Data excerpts>

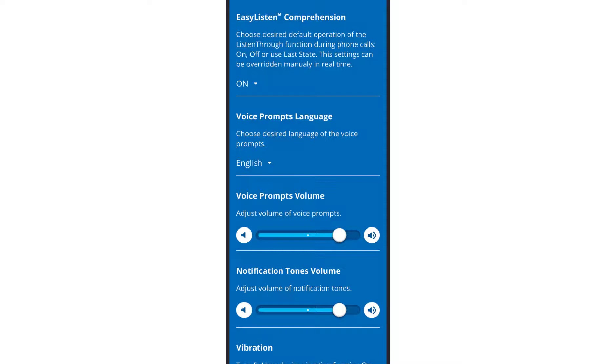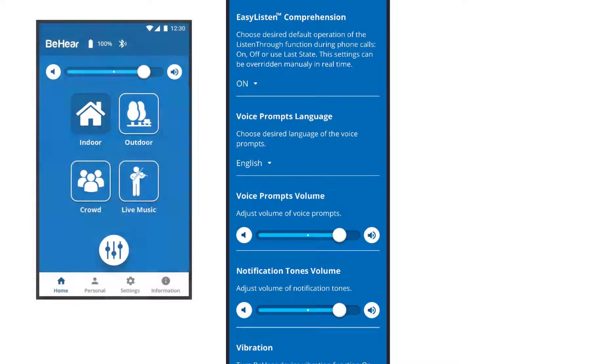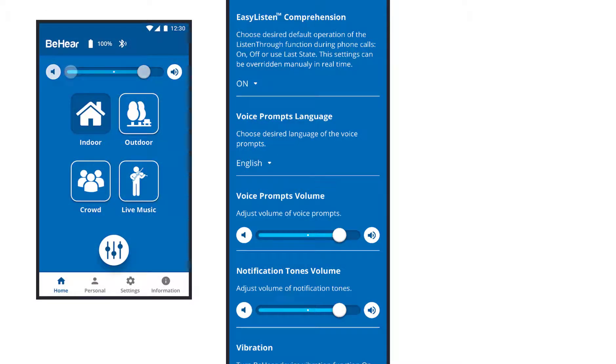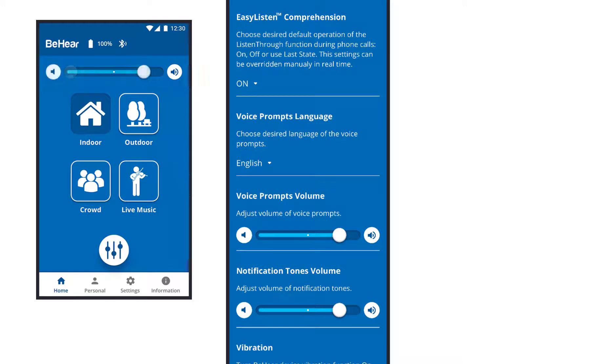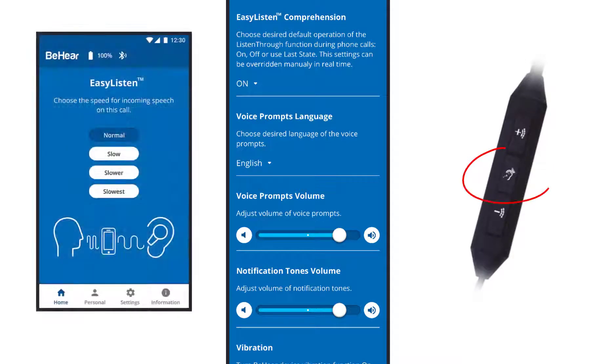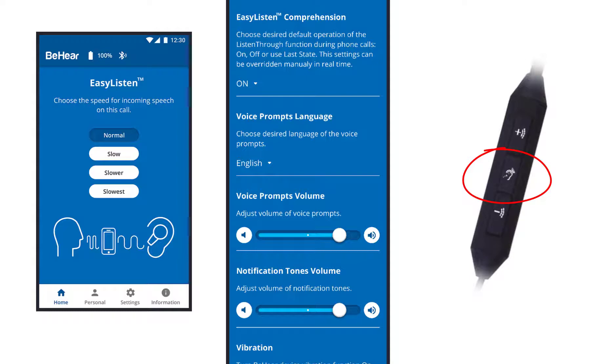This setting only affects the default state. You can always choose to turn the hearing mode on or off through the app's home screen, the notification panel, or by a long press on the middle button of the right control box for personal hearing and listen through. For easy listen, short presses on the middle button of the right control box scroll through the four available tempos.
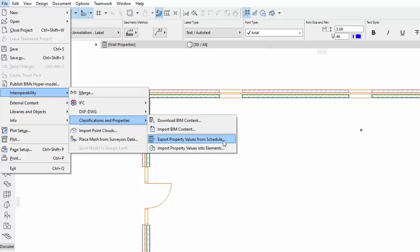Activate the File, Interoperability, Classifications and Properties, Export Property Values from Schedules menu command.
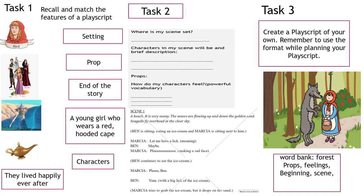This is your task. Task 1: Recall and match the features of a play script. Task 2: A play script has been given — you have to fill the format with the details. Task 3: Create a play script of your own. Remember to use the format while planning your play script. A word bank has been provided.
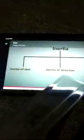You can also try this activity at home. Now we are going to see the types of inertia. Inertia is classified into three types: inertia of rest, inertia of motion, and inertia of direction.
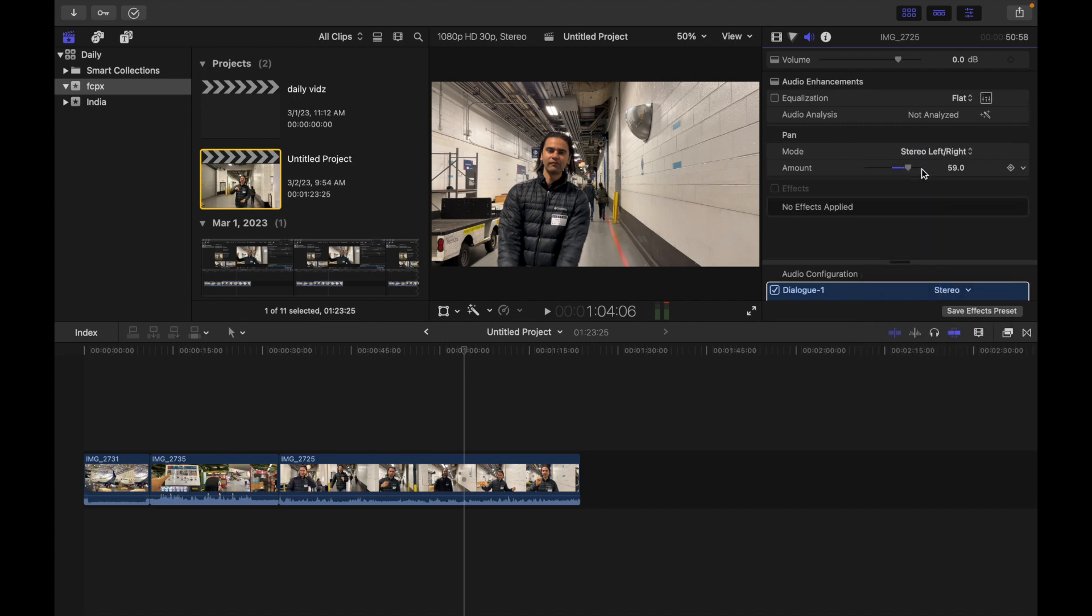I want to reset, simply I go over here and click on reset parameter and it's done.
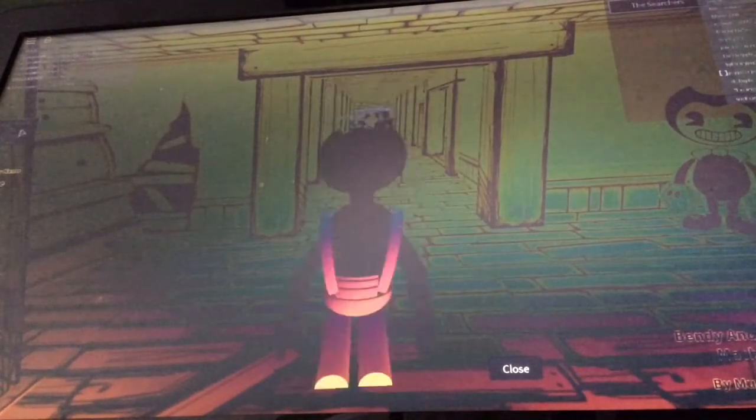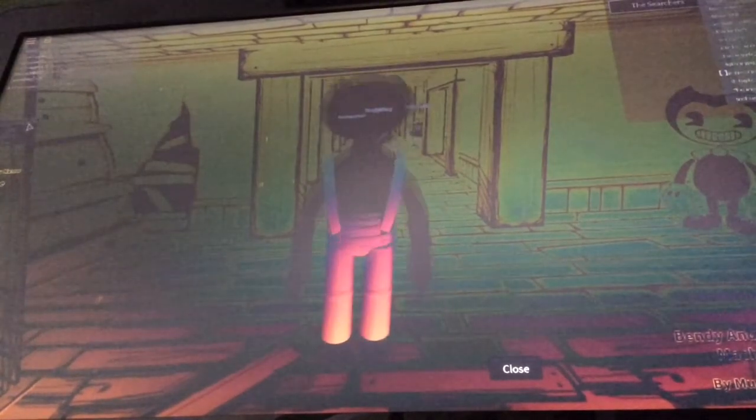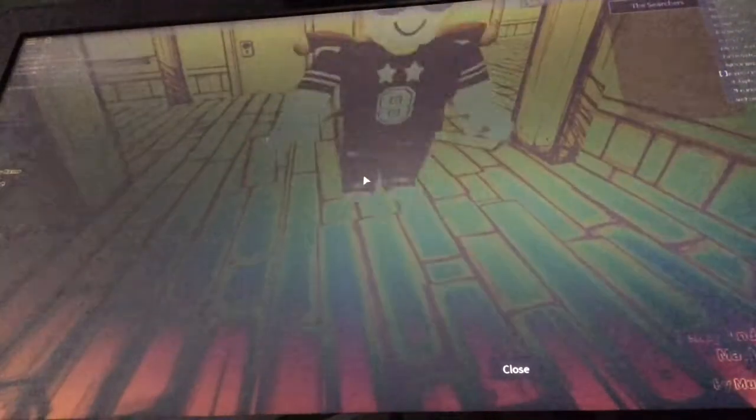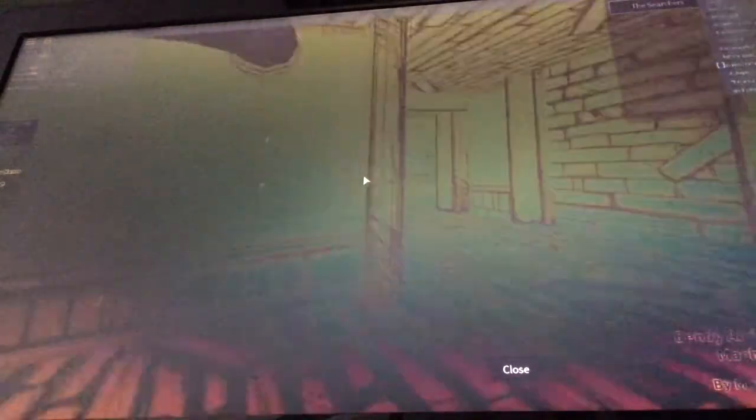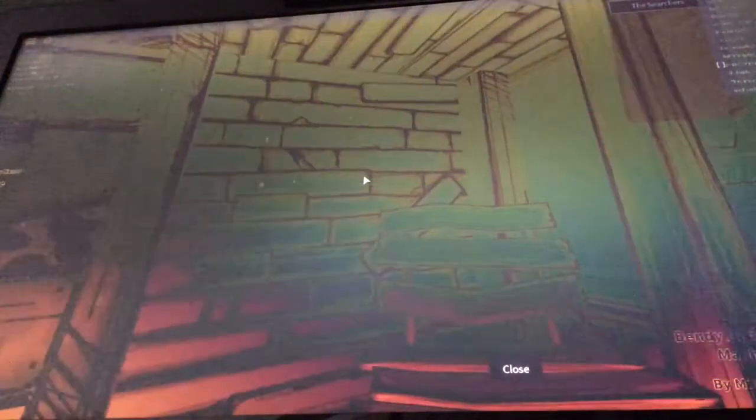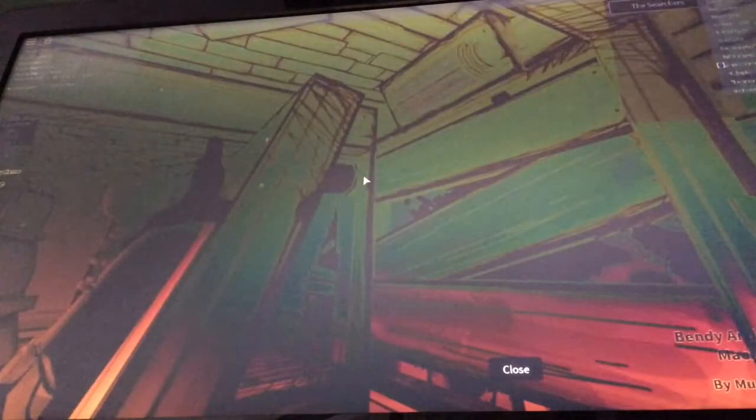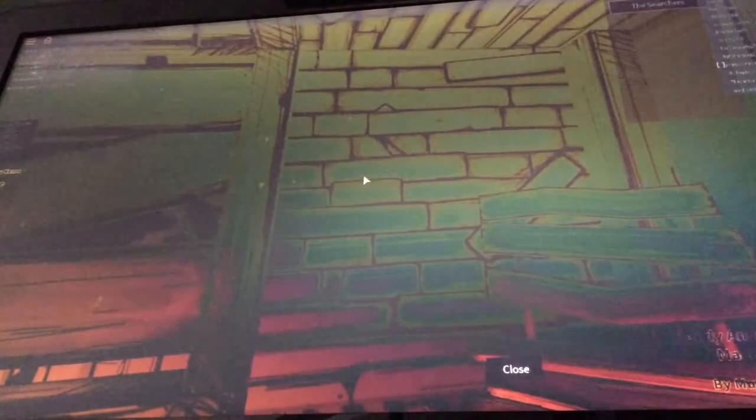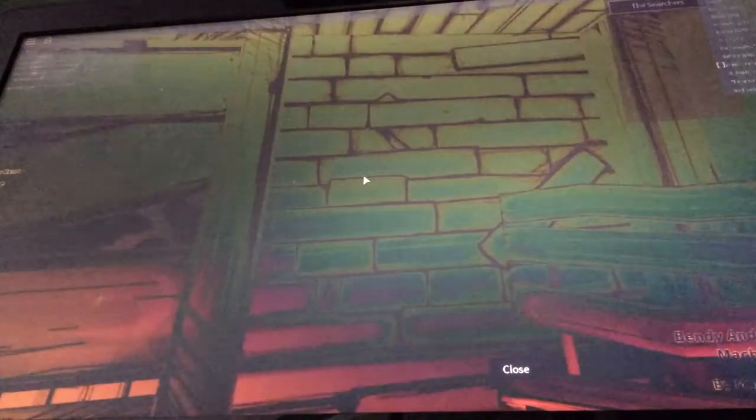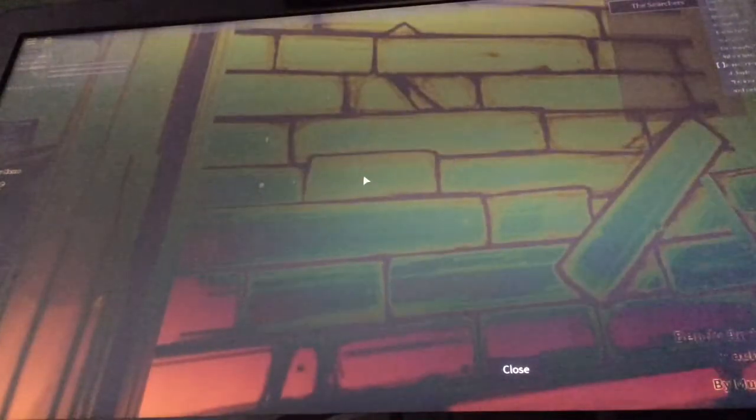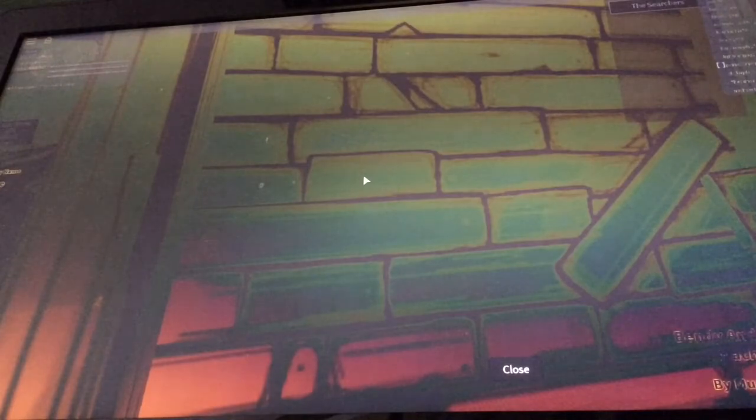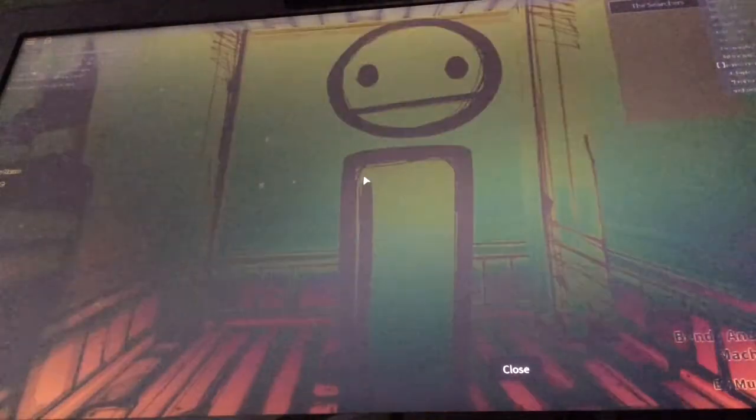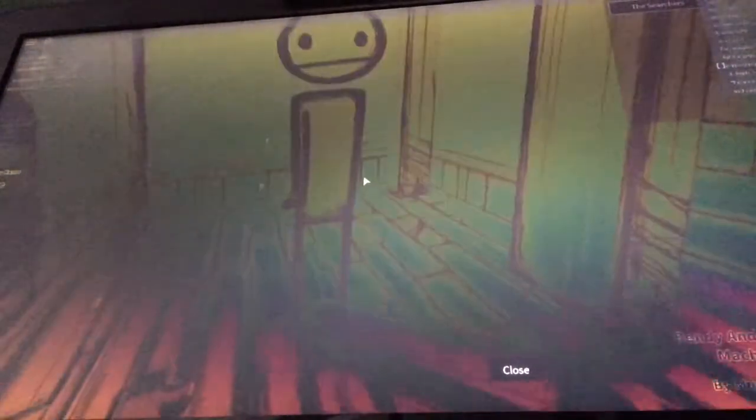Bendy dance. That's how he takes his shower. There it is, the Meatly Easter egg. Yes, it's in Roblox.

Exercise requirements>
The expected answer consists solely of the lines from the one with "You can also" through the last line of the listing above, restated exactly, minus any pictures.

Solution to the problem>
You can also try this activity at home. Now we are going to see the types of inertia. Inertia is classified into three types: inertia of rest, inertia of motion, and inertia of direction.
I want to reset, simply I go over here and click on reset parameter and it's done.
Bendy dance. That's how he takes his shower. There it is, the Meatly Easter egg. Yes, it's in Roblox.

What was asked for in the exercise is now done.